» **Task description**
Leaving the pictures aside, transcribe only and exactly the lines from the one with "Incubus - Stellar (Unsystematic Remix)" through the end of the entries, both included.
Top of Input data
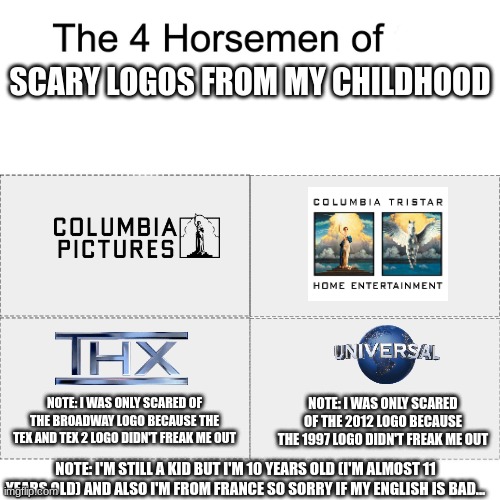 Four horsemen | SCARY LOGOS FROM MY CHILDHOOD; NOTE: I WAS ONLY SCARED OF THE BROADWAY LOGO BECAUSE THE TEX AND TEX 2 LOGO DIDN'T FREAK ME OUT; NOTE: I WAS ONLY SCARED OF THE 2012 LOGO BECAUSE THE 1997 LOGO DIDN'T FREAK ME OUT; NOTE: I'M STILL A KID BUT I'M 10 YEARS OLD (I'M ALMOST 11 YEARS OLD) AND ALSO I'M FROM FRANCE SO SORRY IF MY ENGLISH IS BAD... | image tagged in four horsemen,thx,thx logo,scary logos | made w/ Imgflip meme maker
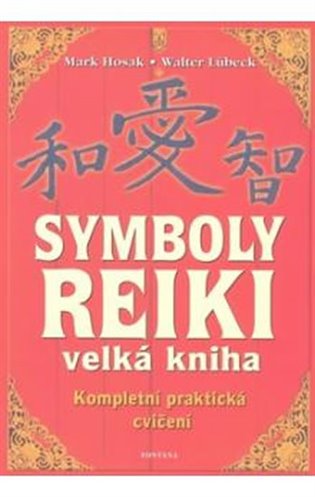 Symboly reiki - velká kniha koupíte na Kosmas.cz
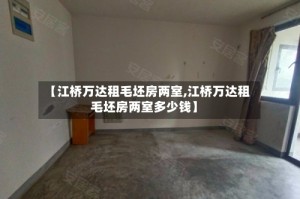 【江桥万达租毛坯房两室,江桥万达租毛坯房两室多少钱】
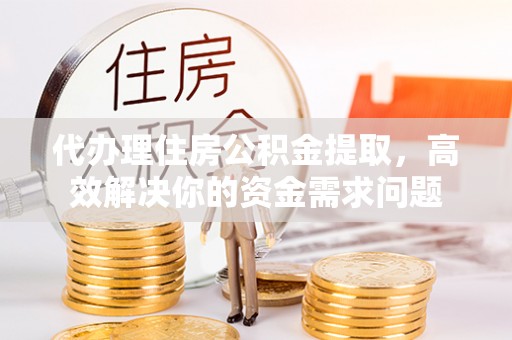 阿城代办理住房公积金提取，高效解决你的资金需求问题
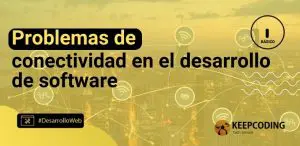 Problemas de conectividad en el desarrollo de software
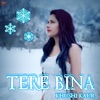 Khushi Kaur - Tere Bina
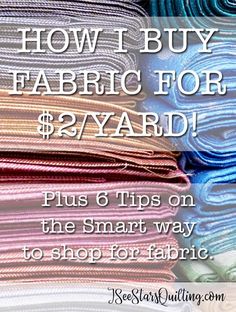 several folded fabrics with the text how i buy fabric for $ 2 / yard plus 6 tips on the smart way to shop for fabric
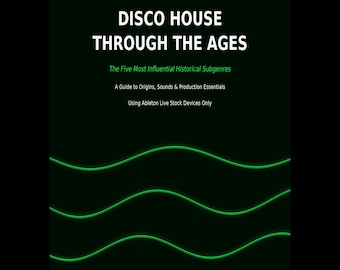 Disco House Through The Ages — History, Sounds & Production Guide PDF | Armand Van Helden, Todd Terry, Joey Negro | Ableton Stock Devices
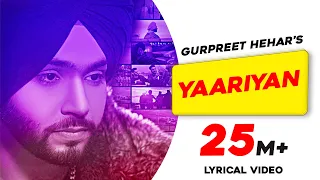 Yaariyan | Lyrical Video | Gurpreet Hehar | Gurnaz | Mr. VGrooves |Khan Bhaini |Latest Punjabi Songs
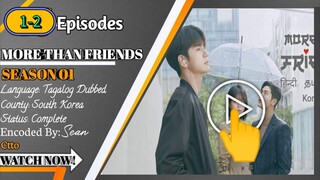 More than Friends Ep 1 prt 2 Tagalog Dubbed.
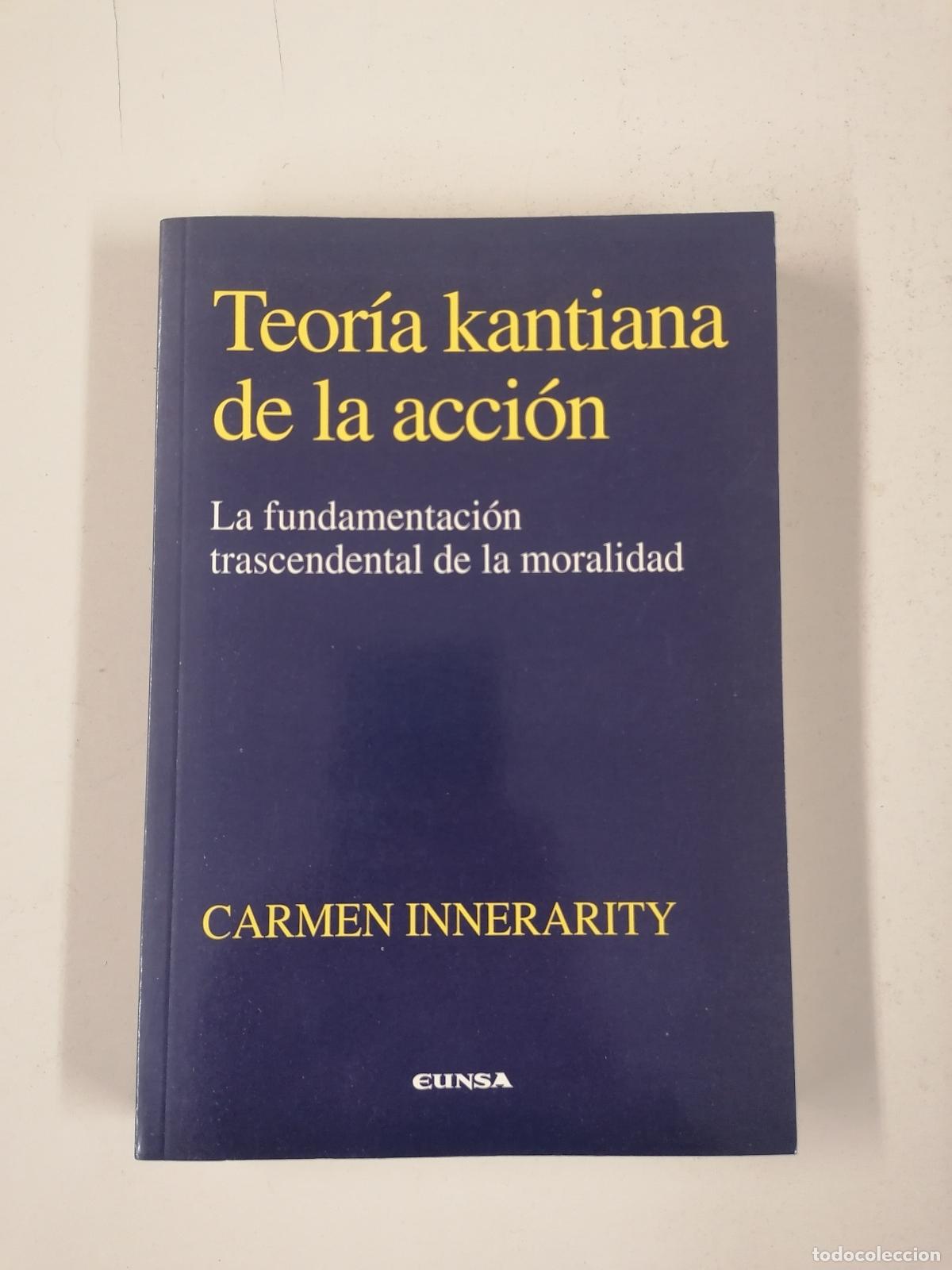 Libros de segunda mano: Teor&iacute;a kantiana de la acci&oacute;n - Carmen Innenarity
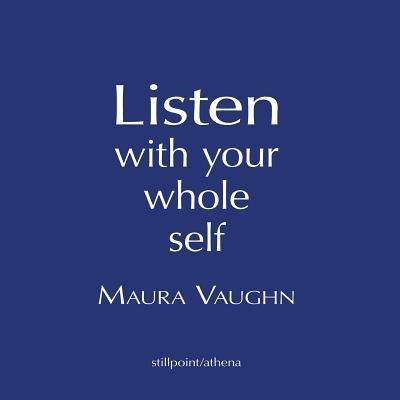 Cover for Maura Vaughn · Listen with Your Whole Self (Paperback Book) (2016)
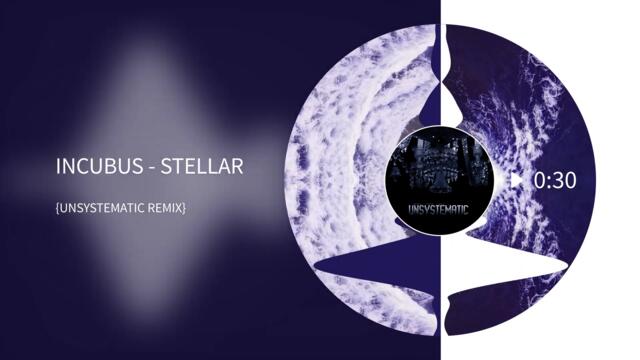 Incubus - Stellar (Unsystematic Remix)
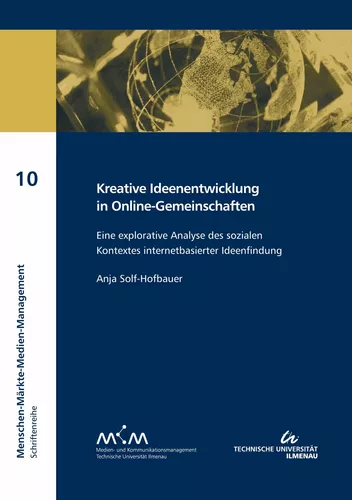 Kreative Ideenentwicklung in Online-Gemeinschaften (MMMM ; 10)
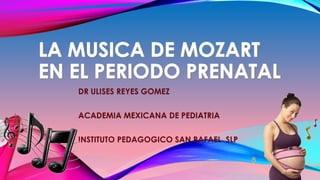 La musica de mozart en el periodo prenatal - ULISES REYES GOMEZ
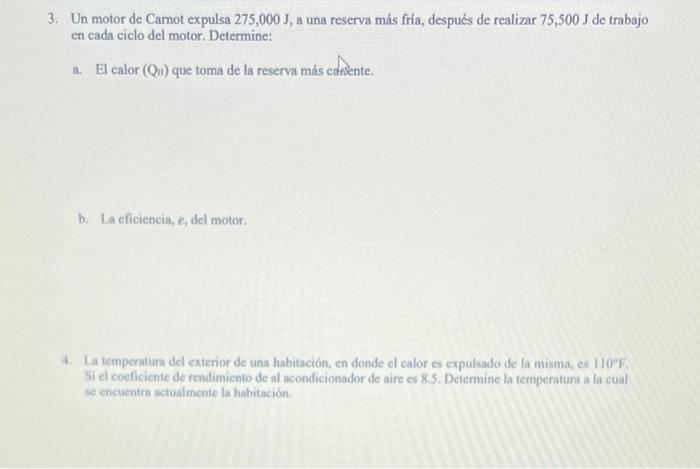 3. Un motor de Carnot expulsa \( 275,000 \mathrm{~J} \), a una reserva más fria, después de realizar \( 75,500 \mathrm{~J} \)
Bottom of Input data
» **Answer to the problem**
 Incubus - Stellar (Unsystematic Remix)
 Kreative Ideenentwicklung in Online-Gemeinschaften (MMMM ; 10)
 La musica de mozart en el periodo prenatal - ULISES REYES GOMEZ
 3. Un motor de Carnot expulsa \( 275,000 \mathrm{~J} \), a una reserva más fria, después de realizar \( 75,500 \mathrm{~J} \)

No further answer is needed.